Tuesday, November 30, 2004

Liar, Liar, Pants On Fire!

Once upon a time, I used to live in a house on K & 4 Streets NE. We had five roommates all over the place. It was huge and massive house to start with. One day, a roommate decided to bolt for Arizona and never returned. He left his bedframe, matress, television, plates, clothes, blankets, et al. He vanished and later, we got in touch with him, he said he does not want to retrieve it back any longer and that we can keep it if we want to.

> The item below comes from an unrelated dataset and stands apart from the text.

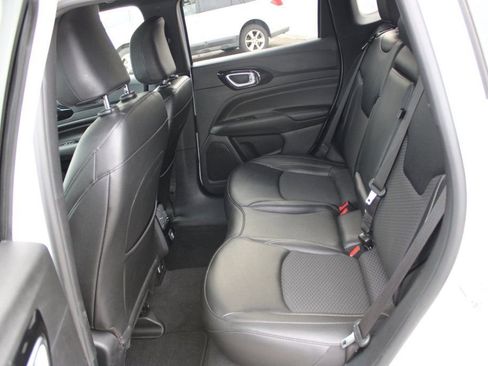 Used 2024 Jeep Compass Latitude w/ Altitude Special Edition image 24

Few months later, in Los Angeles, I was doing some internship over there and decided to attend to a coffeehouse frequented by Deaf patrons. One guy came to me and said, "I'm sorry to hear about your apartment back in DC," -- I was baffled. Turned out that this particular guy was told by my former roommate that the apartment went up in flames. And that we lost everything else. I smiled and said, "I still have his television and even better, his quilt."

Later, I approached the former roommate of mine and wondered why he said that, he firmly denied it and kept on laughing about it. My friend had a theory -- he was capitalizing on pity from others in order to get friends to purchase new things for him. Makes sense to me, though.

The former roommate of mine was none other than ... Kenton Twidt.

Let's push this by fast foward to today. Last night, I was reading the old issues of The Buff and Blue (affectionately known as the BnB) newsmagazine, a student-run publication at Gallaudet. The quality of journalistic standards in the BnB went downhill since the Golden Era of Terry Giansanti. I just completed reading the BnB No. 6, dated November 19, 2004, but not without a heavy glee.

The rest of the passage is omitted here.